→ **Task details**: The data below should be printed in full, exactly, and without any of its images.

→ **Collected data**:
+ + + + + + +

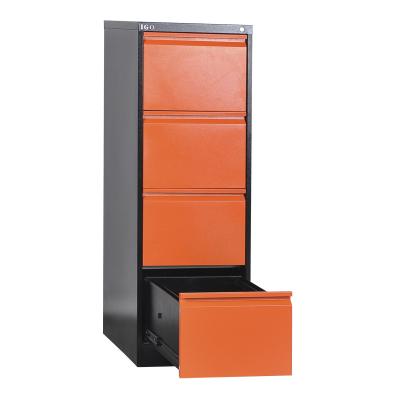 China Knocked Down Structure Luoyang IGO Lockable 4 Layer Metal Drawer Cabinet / 4 Drawer Filler Vertical Cabinets for sale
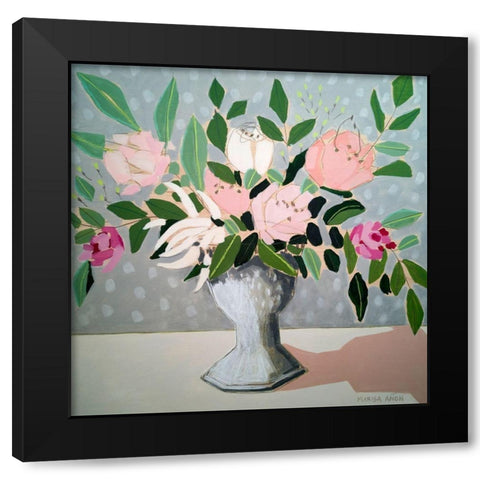 Spring Florals 1 Black Modern Wood Framed Art Print with Double Matting by Anon, Marisa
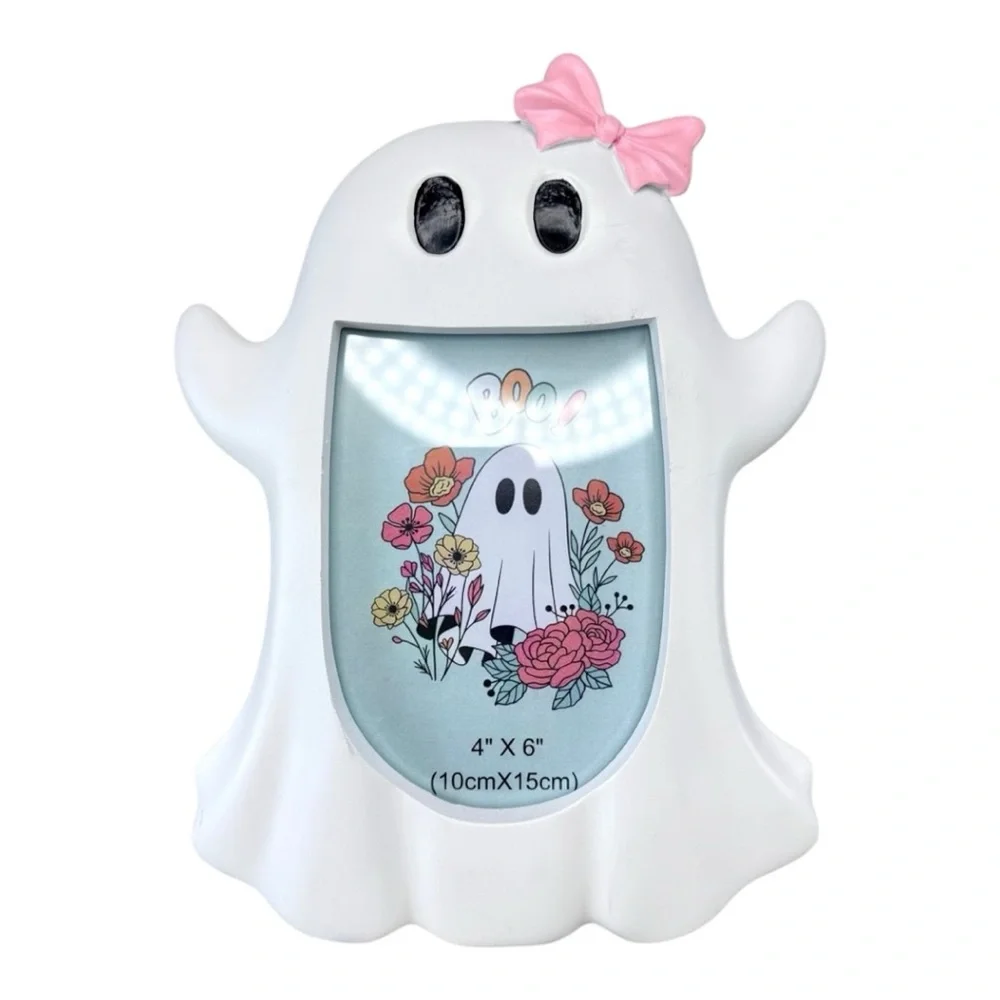 Pink Bow Ghost Halloween Coquette Picture Frame Decor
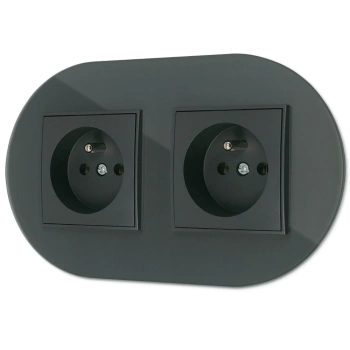 Dwa gniazda pojedyncze z ramką okrągłą efekt szkła seria ICON kolor grafitowy mat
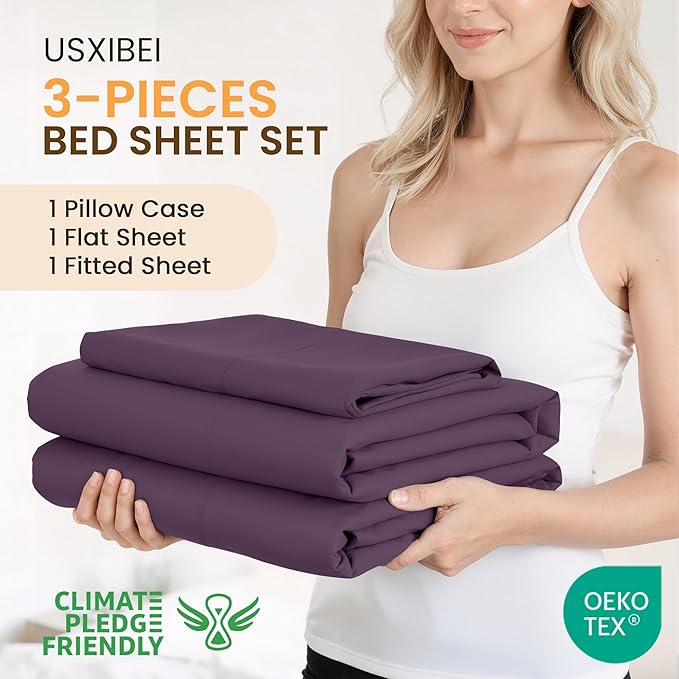 Twin 3 Piece Bed Sheet Set - Ultra Imitation Cotton-Premium Breathable & Cooling Sheets - Hotel Luxury Bed Sheets Deep Pocket up to 15"- Wrinkle, Fade, Stain Resistant (Purple, Twin)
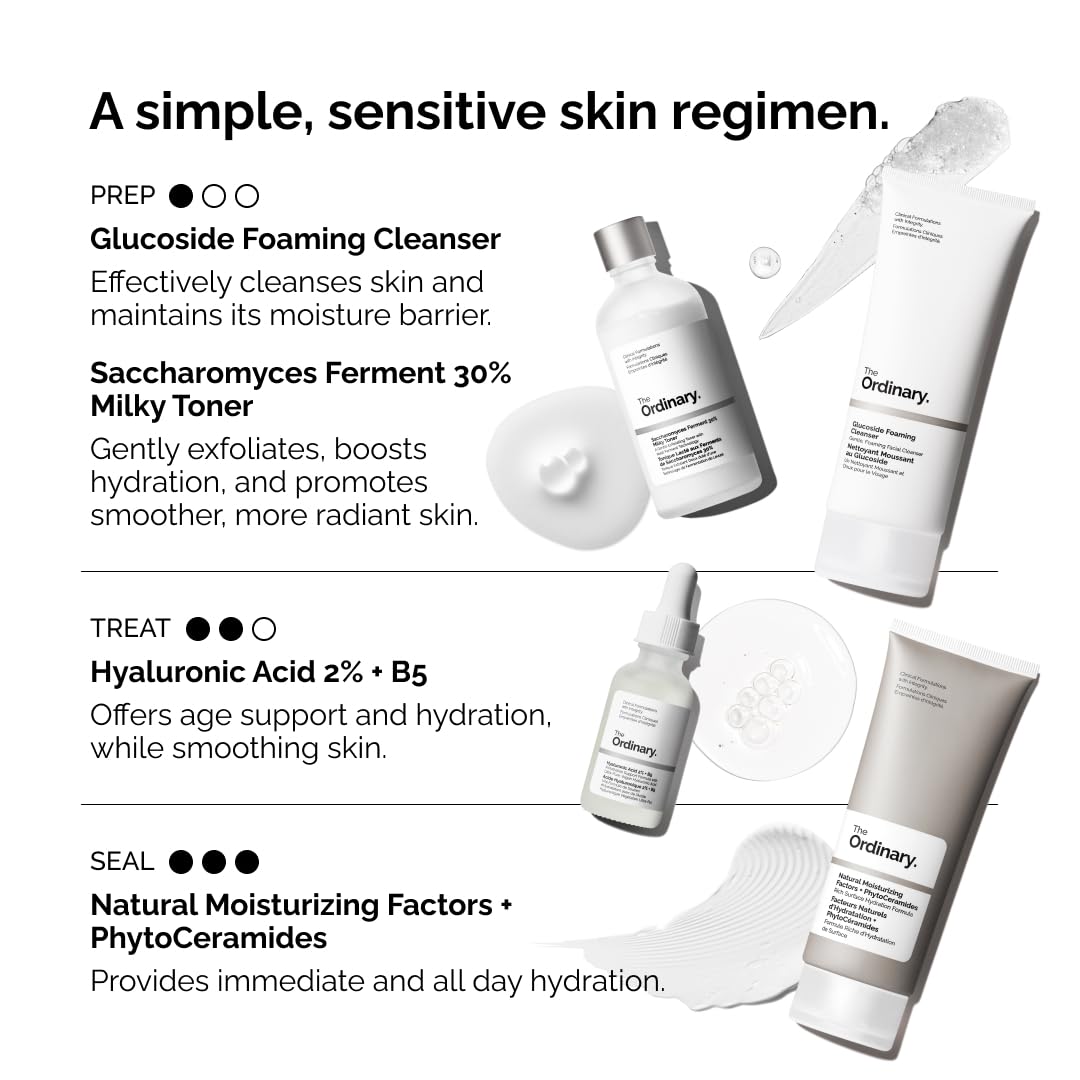 The Ordinary Glucoside Foaming Cleanser with a towel and water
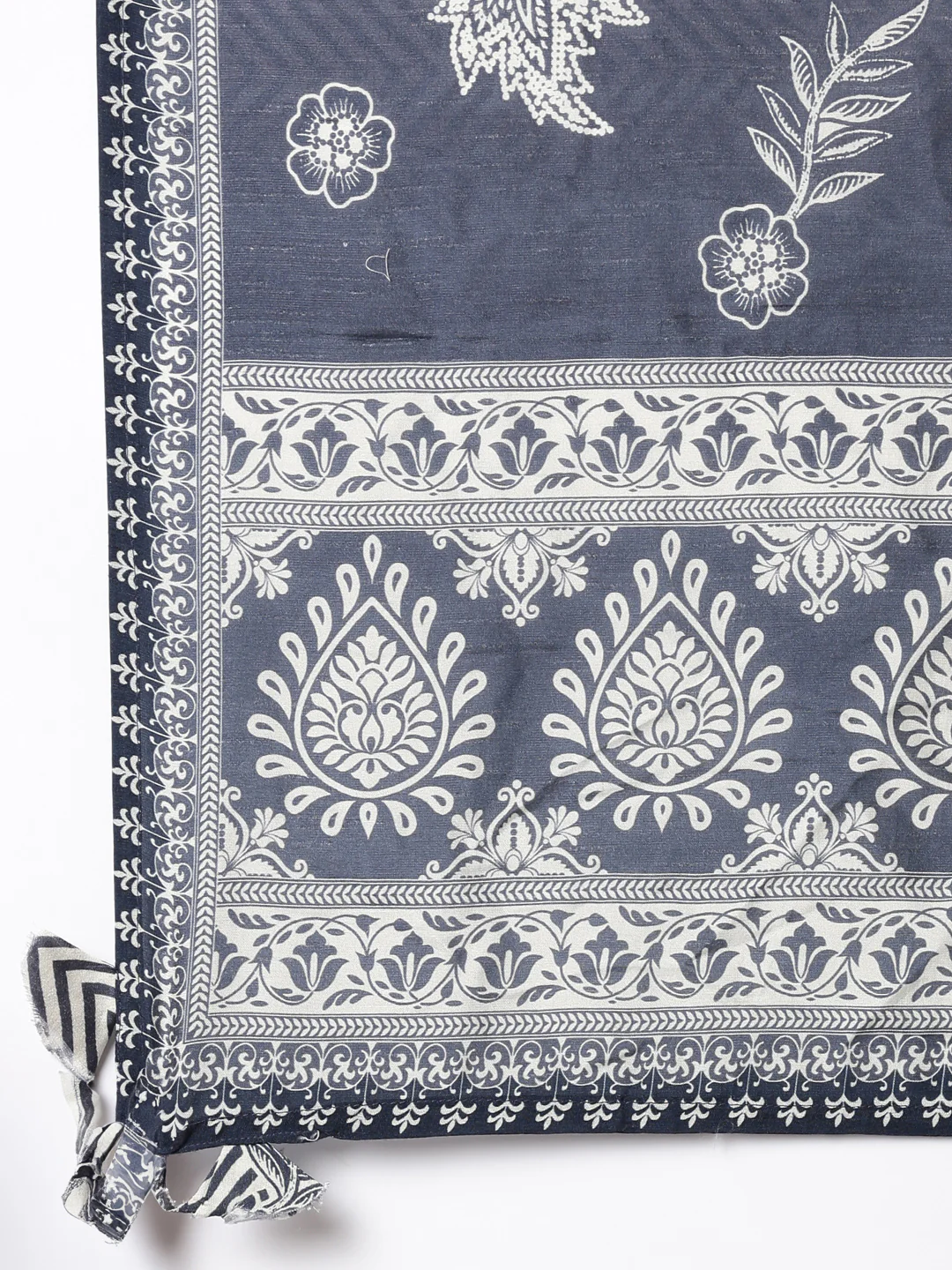 Grey Muslin Printed A-Line Three Piece Set - Image 7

+ + + + + + +

→ **Task response**:
 China Knocked Down Structure Luoyang IGO Lockable 4 Layer Metal Drawer Cabinet / 4 Drawer Filler Vertical Cabinets for sale
 Spring Florals 1 Black Modern Wood Framed Art Print with Double Matting by Anon, Marisa
 Pink Bow Ghost Halloween Coquette Picture Frame Decor
 Dwa gniazda pojedyncze z ramką okrągłą efekt szkła seria ICON kolor grafitowy mat
 Twin 3 Piece Bed Sheet Set - Ultra Imitation Cotton-Premium Breathable & Cooling Sheets - Hotel Luxury Bed Sheets Deep Pocket up to 15"- Wrinkle, Fade, Stain Resistant (Purple, Twin)
 The Ordinary Glucoside Foaming Cleanser with a towel and water
 Grey Muslin Printed A-Line Three Piece Set - Image 7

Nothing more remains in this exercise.